Supplied information:
━━━━━━━━━━

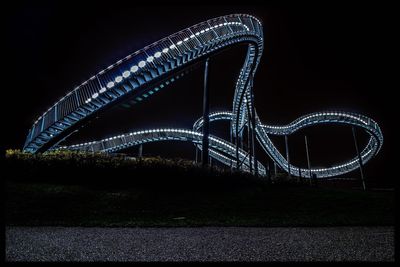 Illuminated ferris wheel against sky at night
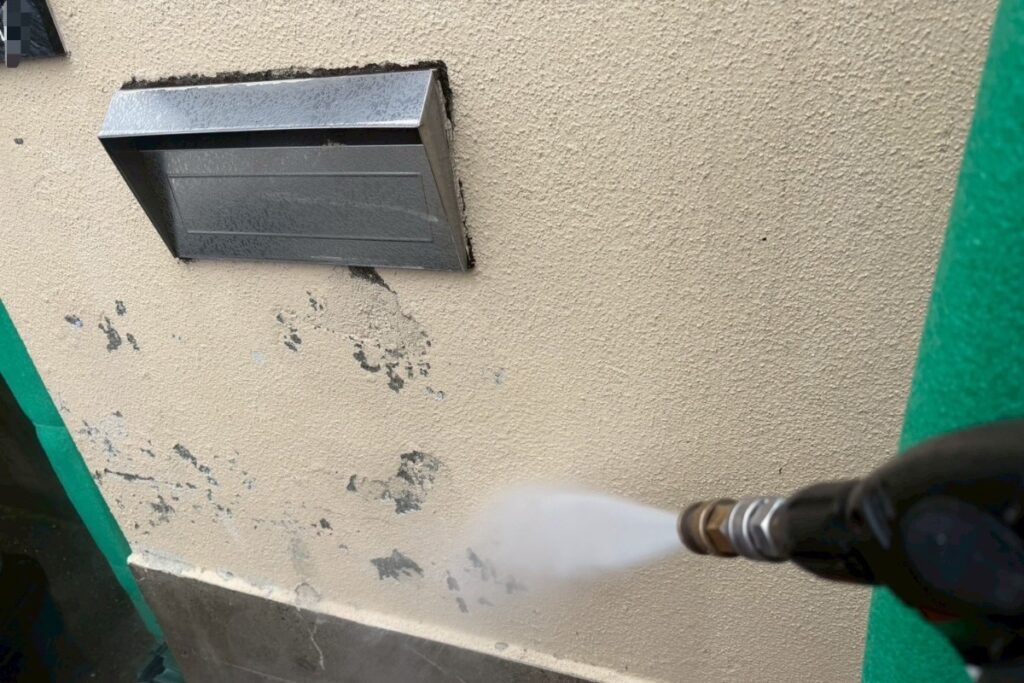 擁壁の汚れや旧塗膜を高圧洗浄で洗い流す作業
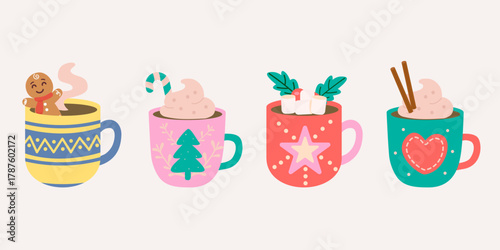 Christmas hot chocolate mugs with gingerbread candy and festive winter decorations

━━━━━━━━━━

Problem statement:
An exact restatement is expected of the lines from the line containing "擁壁の汚れや旧塗膜を高圧洗浄で洗い流す作業" to the end of the data above, pictures excluded.

Written solution:
 擁壁の汚れや旧塗膜を高圧洗浄で洗い流す作業
 Christmas hot chocolate mugs with gingerbread candy and festive winter decorations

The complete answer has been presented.